>>>
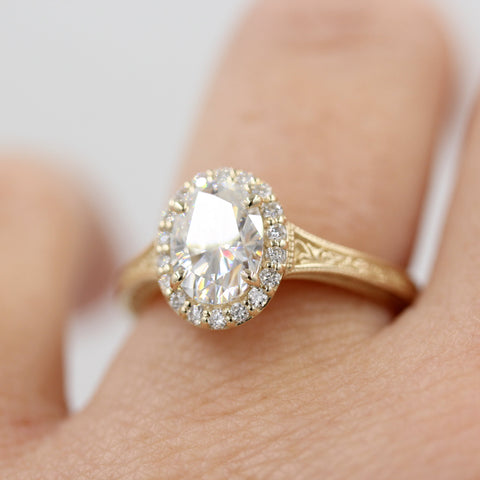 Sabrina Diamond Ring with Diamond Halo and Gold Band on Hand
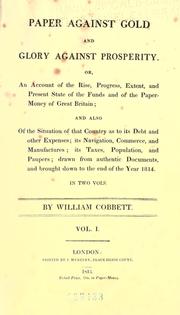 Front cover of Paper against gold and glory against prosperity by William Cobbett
<<<
>>>
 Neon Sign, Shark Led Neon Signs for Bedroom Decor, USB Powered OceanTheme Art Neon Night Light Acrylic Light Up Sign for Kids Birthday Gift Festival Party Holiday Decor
<<<
## Instructions for the task
Working from the records above, set down word for word everything from the line containing "Sabrina Diamond Ring" down to the line containing "Front cover of", ends included, minus the pictures.

## Expected output
 Sabrina Diamond Ring with Diamond Halo and Gold Band on Hand
 Front cover of Paper against gold and glory against prosperity by William Cobbett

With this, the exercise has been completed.